J'avoue que là je n'ai pas très bière compris...  :Embarassed: 

----------

## titoucha

+1 pour ou g/qparted

+1 pour pas comprendre, un système de fichier n'est pas lié à sa partition ?

----------

## nico_calais

+1 aussi pour gparted.

J'ai diminué une partoche ext3 ce week-end avec.

----------

## xaviermiller

+1 pour parted, je n'utilise plus que ça, même pour du FAT et NTFS !

----------

## Temet

-1 pour qtparted !!! Ce truc est à l'abandon depuis des années!!!

+1 pour gparted.

Sinon y a ça qui a l'air pas mal : http://kde-apps.org/content/show.php/KDE+Partition+Manager?content=89595 , actuel numéro 1 sur kde-apps  :Wink: 

----------

## Oupsman

message supprimé

----------

## nico_calais

 *Oupsman wrote:*   

> Moi je dis LVM et rock'n'roll : on a plus à ce soucier d'une foutue merde de table de partition et on rentre de plein pied dans le 21ème siècle.

 

Faut experimenter avant. La reduction d'un volume logique m'a shooté mon /var un fois. Je venais juste de commencer avec donc très peu d'experience, m'enfin bref, faut savoir qu'on peut pas faire fête du slip avec.

----------

## Oupsman

message supprimé

----------

## Pixys

 *Oupsman wrote:*   

>  *nico_calais wrote:*    *Oupsman wrote:*   Moi je dis LVM et rock'n'roll : on a plus à ce soucier d'une foutue merde de table de partition et on rentre de plein pied dans le 21ème siècle. 
> 
> Faut experimenter avant. La reduction d'un volume logique m'a shooté mon /var un fois. Je venais juste de commencer avec donc très peu d'experience, m'enfin bref, faut savoir qu'on peut pas faire fête du slip avec. 
> 
> Etant donné qu'il faut que le FS soit démonté pour être réduit ... Et que la réduction n'est pas sans risques quoi que tu fasses ... M'enfin je trouve ça bien plus simple avec LVM qu'avec des partitions. Sauf à utiliser des click'o'dromes.

 

Ca dépend aussi du FS, certains encaissent mieux que d'autres...

de toutes les façons, il est écrit que réduire une partition LVM est possible mais risqué...

----------

## Oupsman

message supprimé

----------

## scherz0

 *Pixys wrote:*   

> Ca dépend aussi du FS, certains encaissent mieux que d'autres...
> 
> de toutes les façons, il est écrit que réduire une partition LVM est possible mais risqué...

 

En quoi réduire une partition LVM est-il risqué ?

----------

## Pixys

C'est risqué (perte, corruption...etc.) pour les données si il y a sur la partition...

----------

## nico_calais

En y reflechissant, faudrait pas "defragmenter" la partition ou le volume logique avant de reduire à coup de tar et de detar ?

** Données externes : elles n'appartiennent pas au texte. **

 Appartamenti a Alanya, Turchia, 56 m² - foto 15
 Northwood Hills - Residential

gparted a fait bossé mon disque comme un dingue pendant plus d'une heure lors de la reduction de la partition. J'irai pas jusqu'à dire qu'il a defragmenté la partition mais au moins reorganisé de telle manière à ce qu'il n'y ait plus rien sur la partie de la partition qui allait disparaitre.

----------

## -KuRGaN-

+1 oupsman

Je suis fan de lvm depuis au moins 3 ans déjà, tant pro que perso et franchement, ça déchiresamamantellementcestbien :   :Laughing: 

----------

## scherz0

 *Pixys wrote:*   

> C'est risqué (perte, corruption...etc.) pour les données si il y a sur la partition...

 

As-tu des exemples concrets de pertes/corruptions ?  Dans quel contexte, quelles manipulations effectuées, etc ?  Si tu peux faire partager ton expérience négative avec LVM, je crois que ça peut en intéresser quelques uns.

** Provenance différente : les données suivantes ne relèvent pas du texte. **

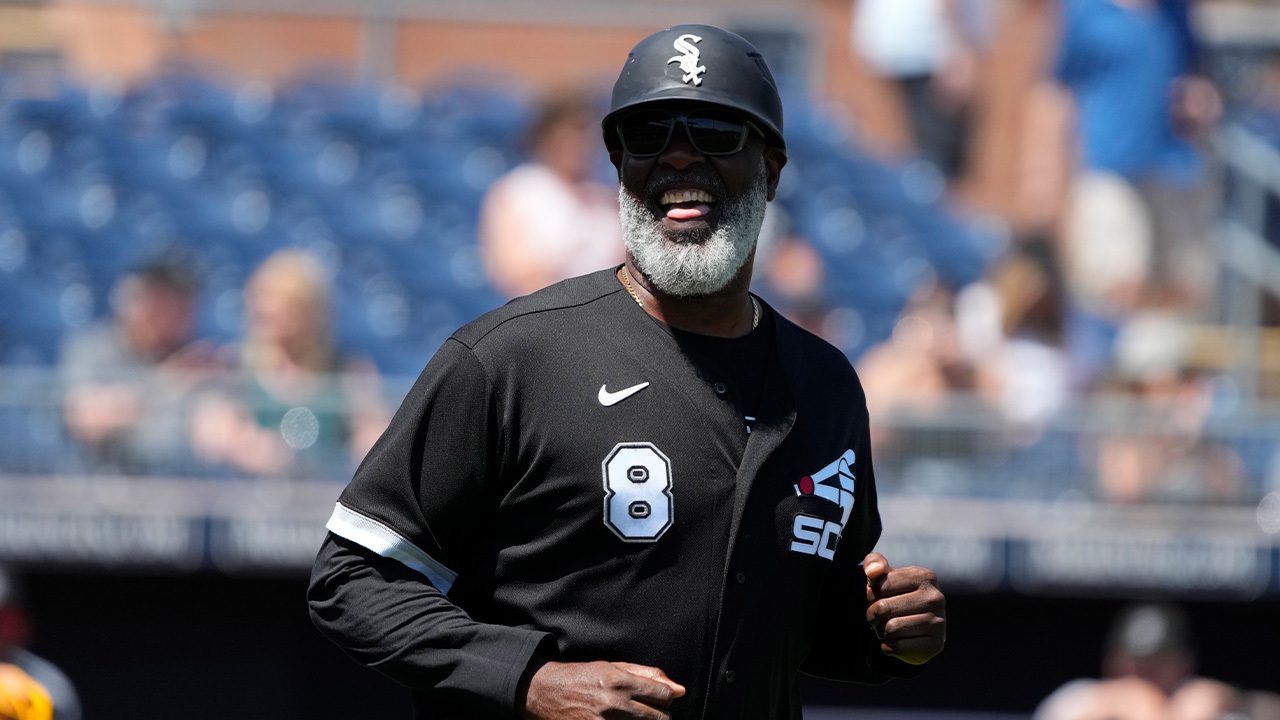 White Sox make history with four Cuban-American coaches from Miami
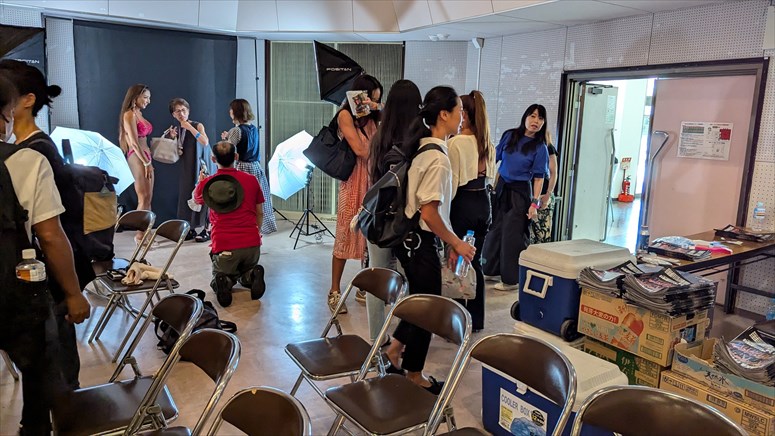 taikai-photo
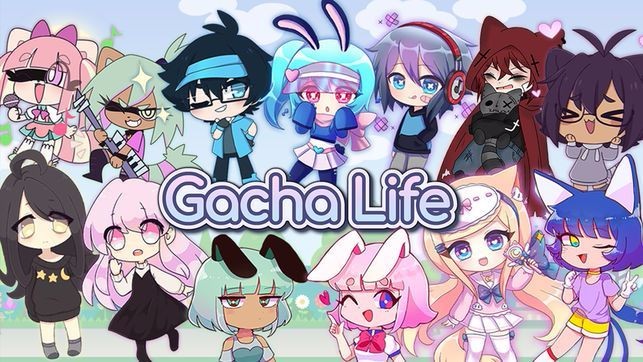 Gacha Life(3)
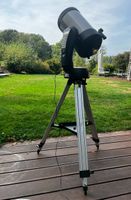 Télescope Celestron NexStar 8, 200mm avec accessoires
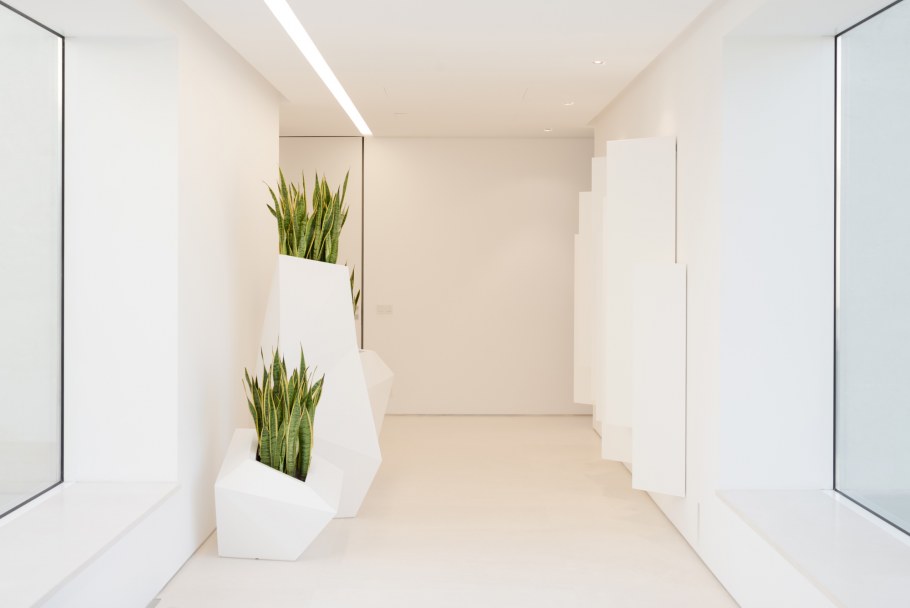 Дом Агаларова на большой грузинской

Depuis longtemps je l'utilise systématiquement sur mes systèmes, y compris en prod.  Et je n'ai jamais observé le moindre problème lors d'une réduction de LV.  Globalement, LVM me semble infaillible.  Le seul problème que j'ai constaté était avec lors de migrations de LV avec LVM1 (c'est vieux !).  Et en aucun cas ça ne provoquait de perte de données, mais juste un blocage et la nécessité d'annuler la migration.

----------

## xaviermiller

Perso, le changement de taille de partition est risqué en soi, que ce soit avec ou sans LVM. LVM ajoute une couche, donc une "chance" de plantage en plus.

Il suffit que l'outil de redimensionnement échoue en plein milieu d'une opération de redimensionnement, et on se retrouve avec une partition dans un état intermédiaire, des blocs qui n'ont pas tous la taille requise par la dimension, ou des fichiers mal déplacés.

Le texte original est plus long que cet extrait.